With each passing holiday season, you get a little older until you wake up one Christmas morning trapped in the frozen clutches of your life partner, whose heart gave out sometime after you both fell asleep watching It's a Wonderful Life. If your nieces, nephews, kids, and grandkids spent years denying your old age by getting you stuff like gym memberships and windsurfing boards, you would have never seen it coming. Though there are certain privileges that come with getting old like shoplifting with impunity, swearing loudly in public, and retiring, most people still think of inexorable organic decay the way Sam the Lion does in The Last Picture Show: ridiculous. If you're stumped with what to get an aging relative this year, you might opt for a gift that defies the traditional concept of stolid old age, like skydiving lessons or a Nintendo Wii. Those are fine (if patronizing) choices but if you really want to do your parents, your aunts and uncles, your grandparents, and that forty-something Gen X cousin you have because your Aunt Jeanie and Uncle Raymond didn't use condoms when they started dating in high school all a favor, get them something that will politely remind them that, at their age, death can come at any moment so they should do what a lot of mature, older people want to do once their kids have grown up and their lives have more or less stabilized: chill the fuck out and maybe go on a sweet cruise in the Caribbean.

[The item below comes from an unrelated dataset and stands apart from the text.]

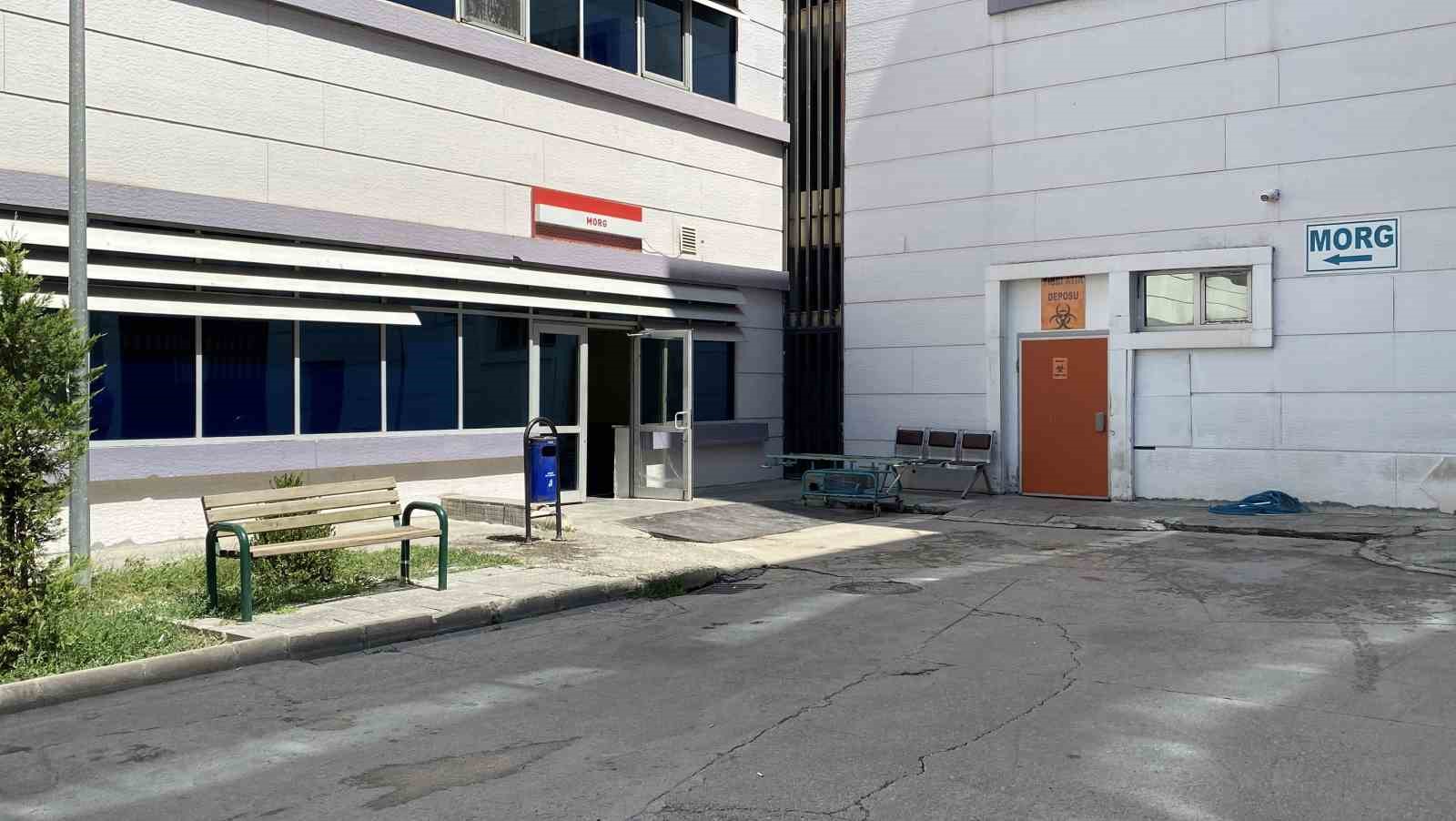 Alkol ve uyuşturucudan hayatını kaybetti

A sweet cruise to the Caribbean

I'll admit that this is pretty impractical for any gift-giver who's not an a Hollywood star, bank robber, or investment banker siphoning off client funds, but if you can afford it and you love your parents, you'll buy them passage on a ship bound for the balmy waters of the Caribbean and hire someone to shovel their snowbound driveway while they're gone. If you can't afford such an extravagant display of filial affection because you opted to spend your 20's in the snug cocoon of graduate school and owe some loan sharks a mortgage-sized sum of cash, you can always make your parents some mojitos and buy them a Jimmy Buffet CD. If you sit them both down in rocking chairs and spray Panama Jack tanning lotion on their upper lips, it'll be almost like they're in lounging in deckchairs on an ocean liner anchored off of Tortuga.

Royal Caribbean Cruises, seasonal, $600-$2,000.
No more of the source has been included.